Le photovoltaïque de montagne est en réalité complémentaire de celui de plus basse altitude, car il permet de s’affranchir de la couverture nuageuse en hiver, précisément la saison où guettent les pénuries d’électricité, quand la production par les barrages est au plus bas. Autrement dit, avec le solaire de montagne, on limite les besoins de stockage de l’électricité qui existent en plaine, puisqu’on s’affranchit en partie des conditions météorologiques.

Le potentiel de déploiement sur les toitures, s’il reste sous-exploité, n’est en outre pas illimité: l’EPFL a ainsi récemment ramené le potentiel photovoltaïque des toitures à 24 TWh, ce qui n’est pas suffisant pour atteindre la cible de l’OFEN. Rappelons aussi que la Suisse est une nation de locataires (60% des habitants), et que ce sont les propriétaires qui peuvent décider de l’installation de panneaux solaires…

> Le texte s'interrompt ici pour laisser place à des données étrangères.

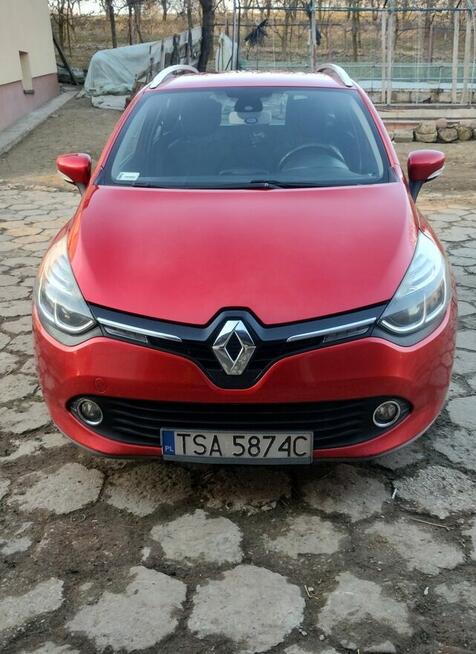 Sprzedam Renault Clio IV Kombi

Nous pensons avoir tout le temps du monde, avoir le luxe de choisir le moindre mal entre panneaux solaires installés en toitures, sur les autoroutes ou en altitude, rehaussement des barrages et sobriété énergétique. Alors qu’il faut les déployer toutes à la fois, et sans traîner... On s’oppose. On rejoue la valse hésitation du syndrome Nimby (Not In My Backyard, «pas chez moi»). Immobilisme tellement classique lorsqu’il est question des infrastructures renouvelables.

Mais aurons-nous encore longtemps le luxe de jouer les fines bouches? Nous pourrions le découvrir – à la dure – en cas de coupures l’hiver prochain.